Amnesty International’s Director for East and Southern Africa, Deprose Muchena has said this in a statement today.
He said the fact that 12 people were involved in the crime, including Mark’s biological brother, shows the depths of discrimination that persons with albinism face in Malawi.
“It’s an ugly, outdated, and dangerous practice that needs to be prevented and eradicated once and for all.
“Too many innocent people with albinism have lost their lives in terribly cruel circumstances, with many of those suspected to be responsible still roaming free.
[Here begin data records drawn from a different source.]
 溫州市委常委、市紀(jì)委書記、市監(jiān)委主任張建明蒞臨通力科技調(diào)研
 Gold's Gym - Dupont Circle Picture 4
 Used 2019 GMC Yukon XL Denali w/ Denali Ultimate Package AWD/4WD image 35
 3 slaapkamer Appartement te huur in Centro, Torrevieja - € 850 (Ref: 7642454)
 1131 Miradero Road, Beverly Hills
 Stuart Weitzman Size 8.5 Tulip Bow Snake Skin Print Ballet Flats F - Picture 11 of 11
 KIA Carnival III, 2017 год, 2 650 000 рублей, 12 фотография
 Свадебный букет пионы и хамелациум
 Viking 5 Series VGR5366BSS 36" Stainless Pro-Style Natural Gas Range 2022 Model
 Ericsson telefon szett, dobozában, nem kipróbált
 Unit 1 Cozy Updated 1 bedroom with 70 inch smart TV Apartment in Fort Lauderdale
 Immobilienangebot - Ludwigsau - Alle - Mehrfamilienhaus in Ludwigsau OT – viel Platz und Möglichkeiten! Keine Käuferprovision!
The criminal justice system must be strengthened so that these cases are thoroughly, independently, transparently and effectively investigated and perpetrators are finally held to account. Authorities must provide victims and their families with access to justice and effective remedies.”
MacDonald Masambuka, a 22-year-old man from Nakawa village, in Machinga district, southern Malawi, disappeared on 9 March 2018. He left his home to buy a mat in the company of a friend. His body was found buried in a shallow grave on 1 April.
Of the 12 men convicted, five were found responsible for murder while seven were convicted of offences relating to the murder including playing a role in luring Mark, trafficking his body parts, and other offences.